Given very good, low-friction, bearings and a strong PM field, a three-cup anemometer vane attached to the motor shaft should produce a measurable output signal, even at very small wind velocities. How small depends on how "easy" it is to turn the motor shaft when wind blows on the anemometer cups. At some low wind velocity insufficient torque will be developed by the anemometer vanes to turn the motor shaft.

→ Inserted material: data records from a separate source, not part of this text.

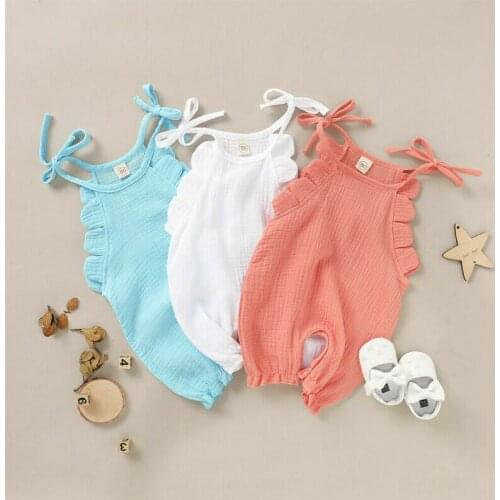 Pudcoco 2020 New Style Newborn Infant Baby Girl Clothes Romper Jumpsuit Summer 1Pc Outfit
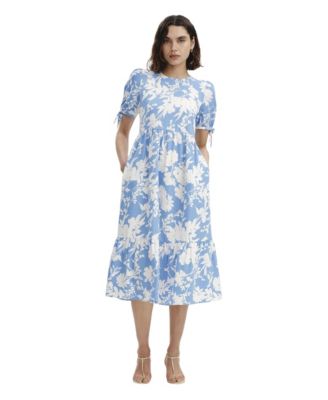 Женское миди-платье Finery London Jessa Tiered Short Sleeve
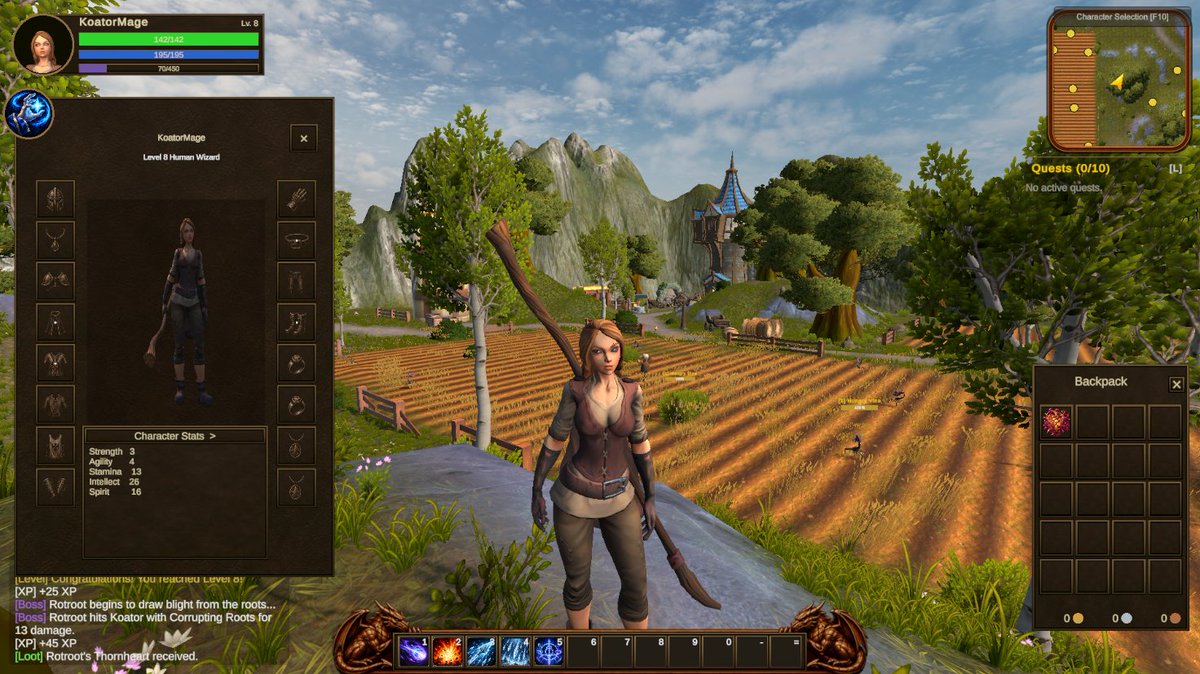 PlayLovae's tweet photo. Development update — Legends of Vaeloris ⚔️
✅ Character Selection
✅ Persistent characters
✅ Character Equipment
✅ Class abilities
Featuring our Human Wizard and Icy Rain. ❄️
The world is starting to feel like an RPG.
#indiedev #gamedev #MMORPG https://t.co/9u5TiUwpuf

Of course there is also the possibility that what little signal does exist, prior to the motor shaft ceasing its rotation, is buried so far into the noise floor that it is not measurable. All sensors exhibit this problem... there is always a minimal detectable signal. If that minimum isn't small enough (insufficient sensor sensitivity), then either a different sensor is required, or more signal amplification may be necessary. Unfortunately, for signals below the noise floor, amplification amplifies the noise too, so there is no net gain in signal-to-noise ratio. It is beyond the scope of this comment to explain how to improve this situation by adding intelligence (modulation) to the signal.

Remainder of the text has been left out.